Print nothing beyond the line with "Toi et Moi inspired": every line from the beginning of the data up to it, that line included, and no pictures.

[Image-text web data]
*** Begin section ***

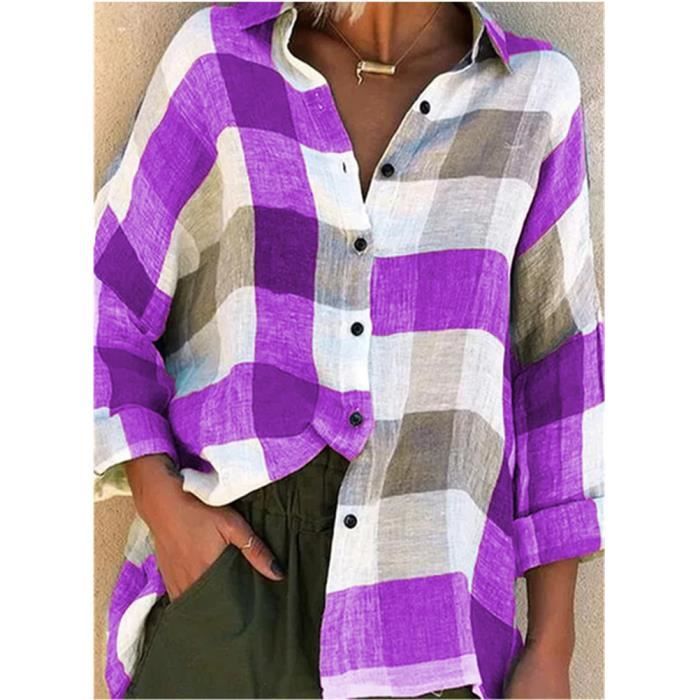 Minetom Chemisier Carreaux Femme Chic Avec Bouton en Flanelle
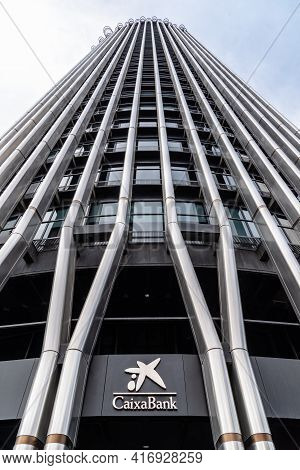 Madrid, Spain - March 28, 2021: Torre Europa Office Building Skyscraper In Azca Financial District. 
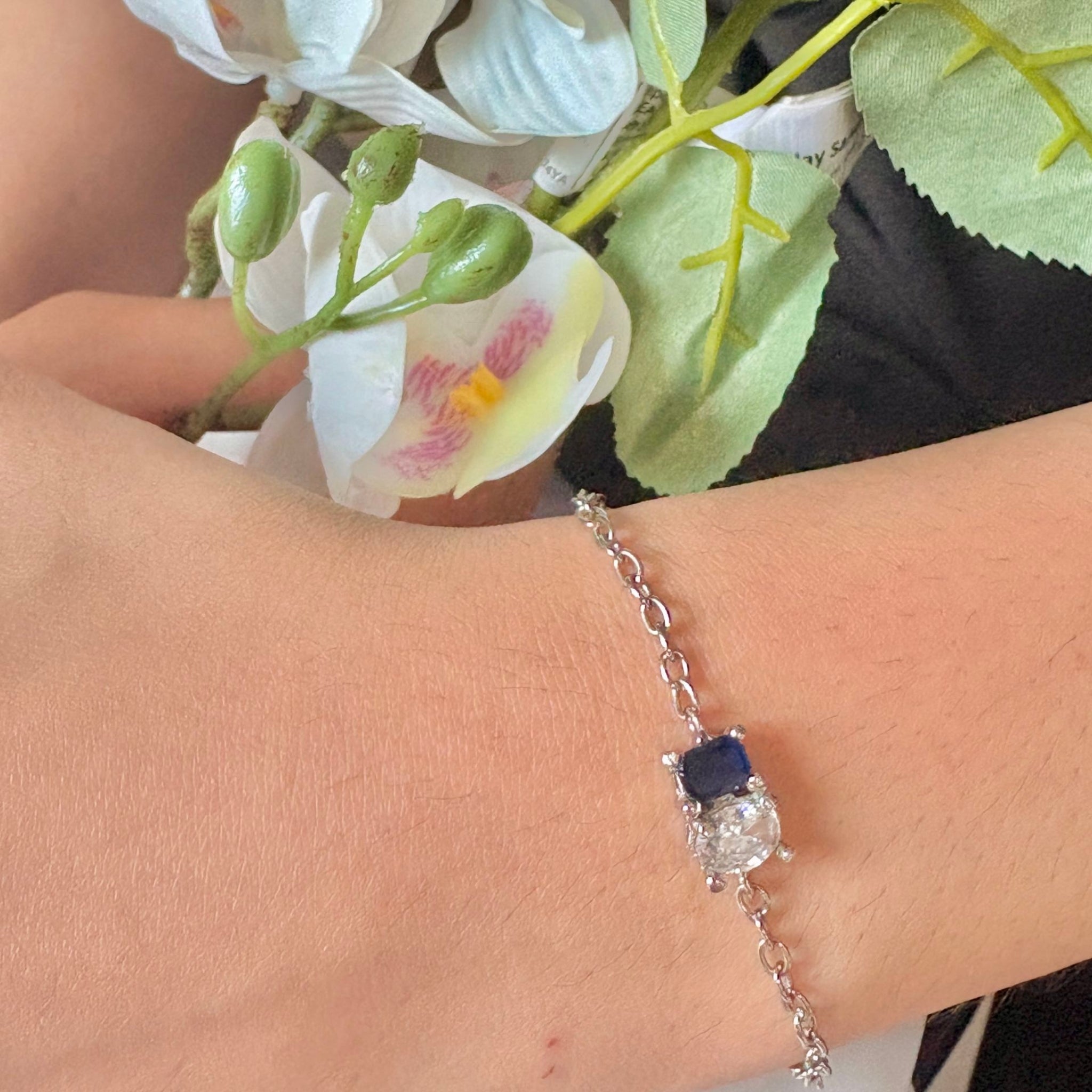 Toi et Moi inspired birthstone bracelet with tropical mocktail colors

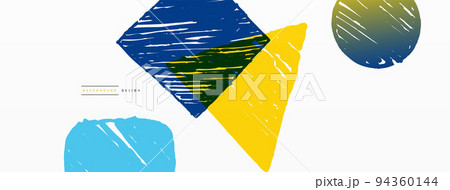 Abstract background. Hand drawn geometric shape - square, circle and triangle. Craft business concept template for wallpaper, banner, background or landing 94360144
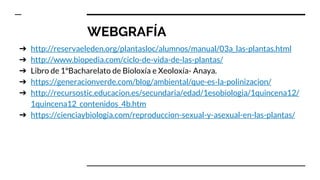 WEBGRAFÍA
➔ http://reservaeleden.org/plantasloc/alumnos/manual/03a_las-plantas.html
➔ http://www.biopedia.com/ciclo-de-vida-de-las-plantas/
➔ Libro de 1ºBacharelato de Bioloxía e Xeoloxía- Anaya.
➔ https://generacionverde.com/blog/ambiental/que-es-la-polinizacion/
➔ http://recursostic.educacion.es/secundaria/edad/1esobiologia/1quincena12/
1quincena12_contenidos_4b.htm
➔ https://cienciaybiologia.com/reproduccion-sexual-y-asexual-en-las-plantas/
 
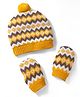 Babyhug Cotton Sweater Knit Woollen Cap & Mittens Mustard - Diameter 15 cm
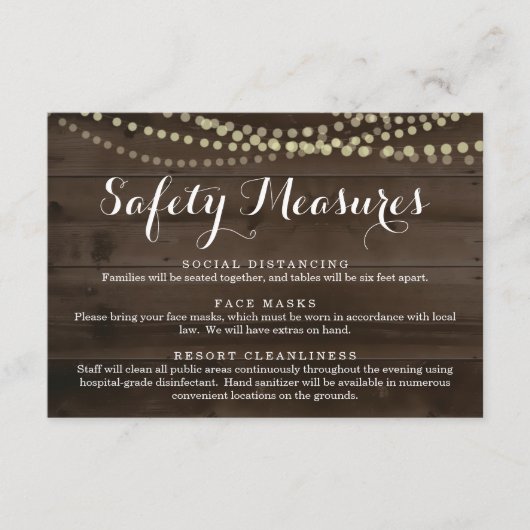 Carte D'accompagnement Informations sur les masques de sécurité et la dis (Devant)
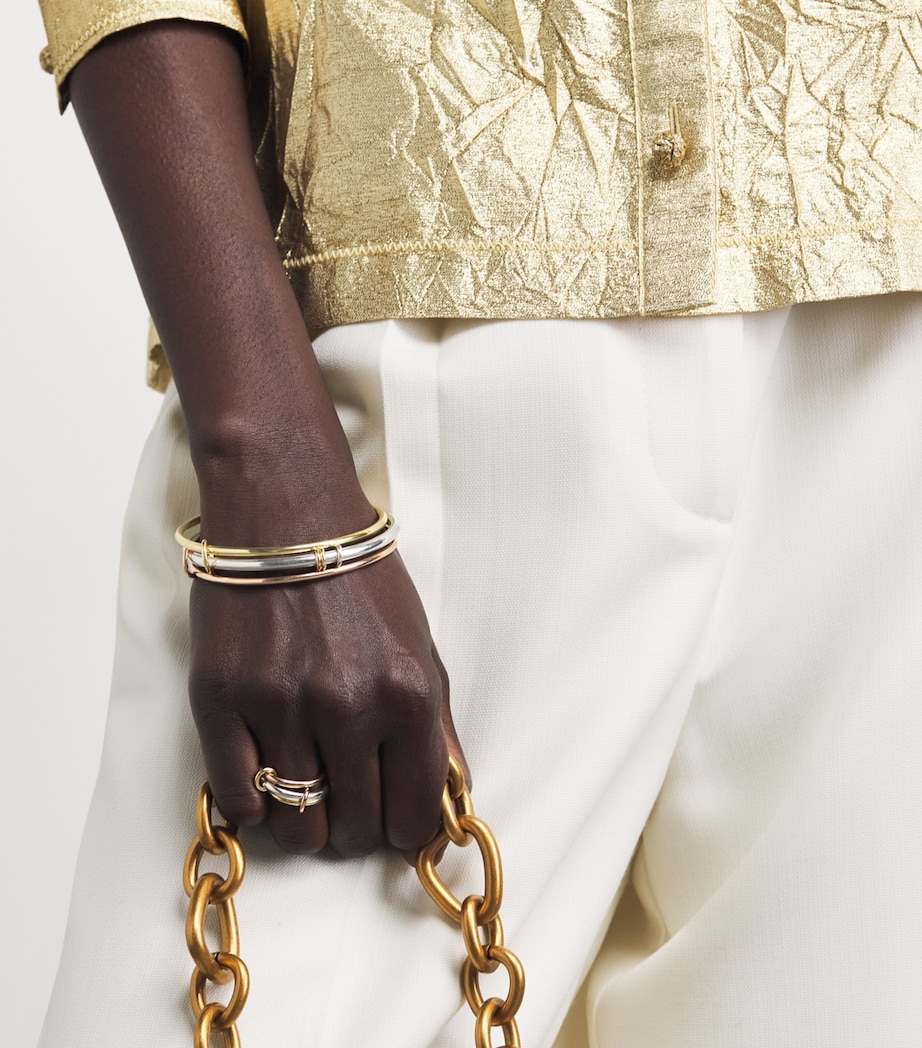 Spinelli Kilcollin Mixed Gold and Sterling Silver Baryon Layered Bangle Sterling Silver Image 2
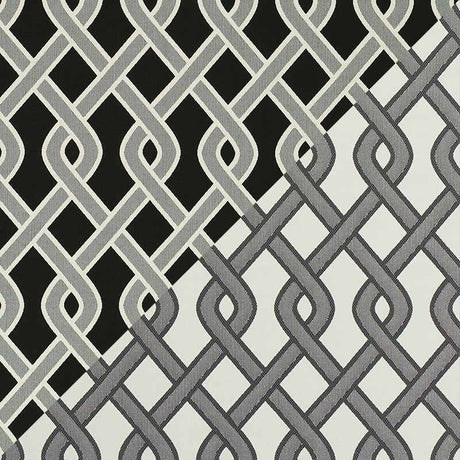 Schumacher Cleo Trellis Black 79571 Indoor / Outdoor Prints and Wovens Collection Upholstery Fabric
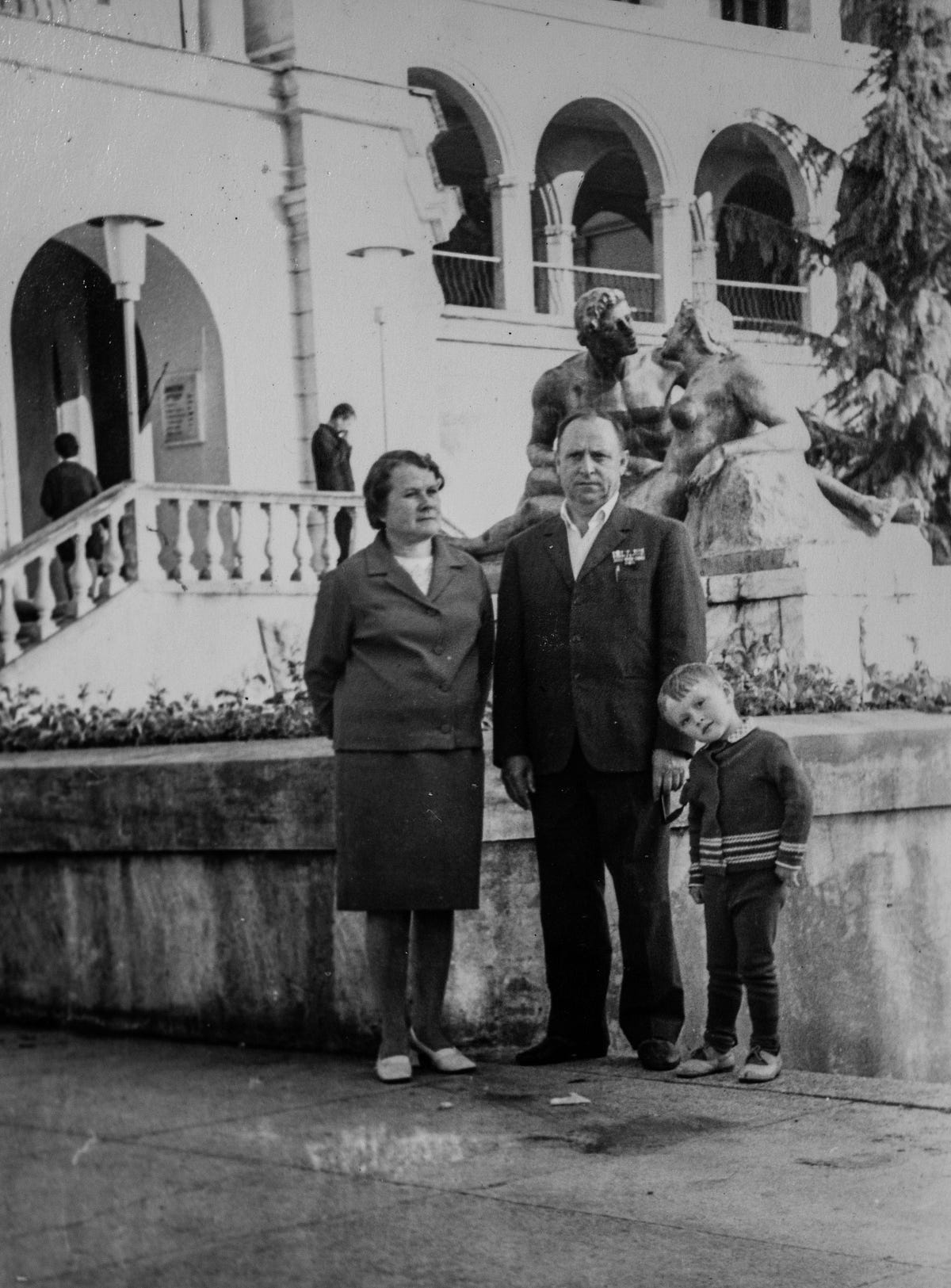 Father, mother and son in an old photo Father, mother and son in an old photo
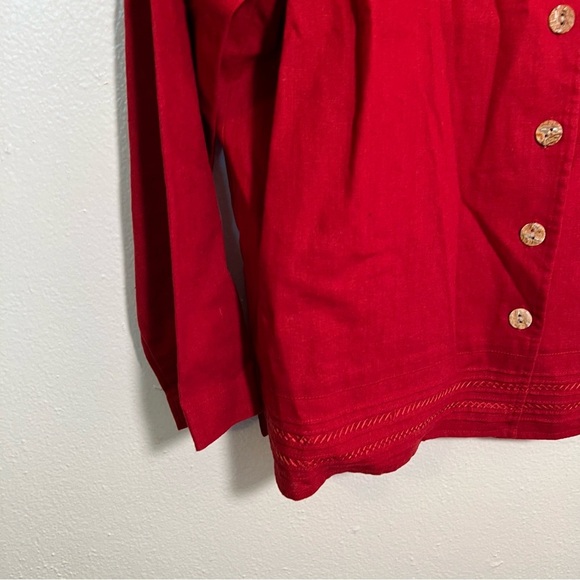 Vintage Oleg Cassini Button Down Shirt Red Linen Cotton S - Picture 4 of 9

*** End section ***

Answer space
 Minetom Chemisier Carreaux Femme Chic Avec Bouton en Flanelle
 Madrid, Spain - March 28, 2021: Torre Europa Office Building Skyscraper In Azca Financial District. 
 Toi et Moi inspired birthstone bracelet with tropical mocktail colors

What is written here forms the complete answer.